• **Instructions for the task**: The listing below is to be copied exactly, with pictures excluded.

=== Data segment ===

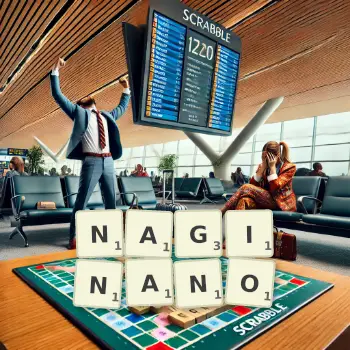 Kreatywna ilustracja do gry w Scrabble ze słowem NAGINANO ułożonym z płytek na planszy.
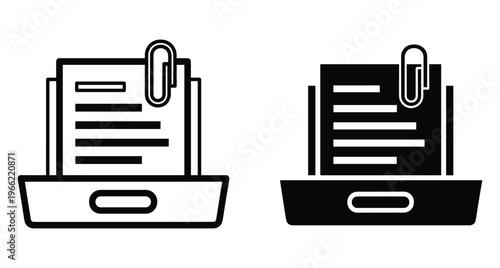 Document tray icon set with paper and paperclip for office organization file management storage system business workflow and administrative tasks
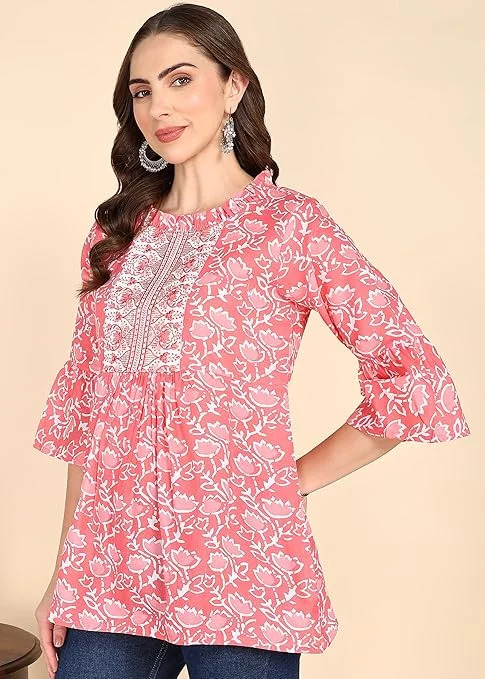 Stylistico Women Cotton Floral Print & Embroidered Long Tunic Top Kurti Style Ethnic Casual Daily Wear Breathable Soft Indian Western Fusion Topwear for Women Girls  Pink S image 3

===

• **Solution to this task**:
 Kreatywna ilustracja do gry w Scrabble ze słowem NAGINANO ułożonym z płytek na planszy.
 Document tray icon set with paper and paperclip for office organization file management storage system business workflow and administrative tasks
 Stylistico Women Cotton Floral Print & Embroidered Long Tunic Top Kurti Style Ethnic Casual Daily Wear Breathable Soft Indian Western Fusion Topwear for Women Girls  Pink S image 3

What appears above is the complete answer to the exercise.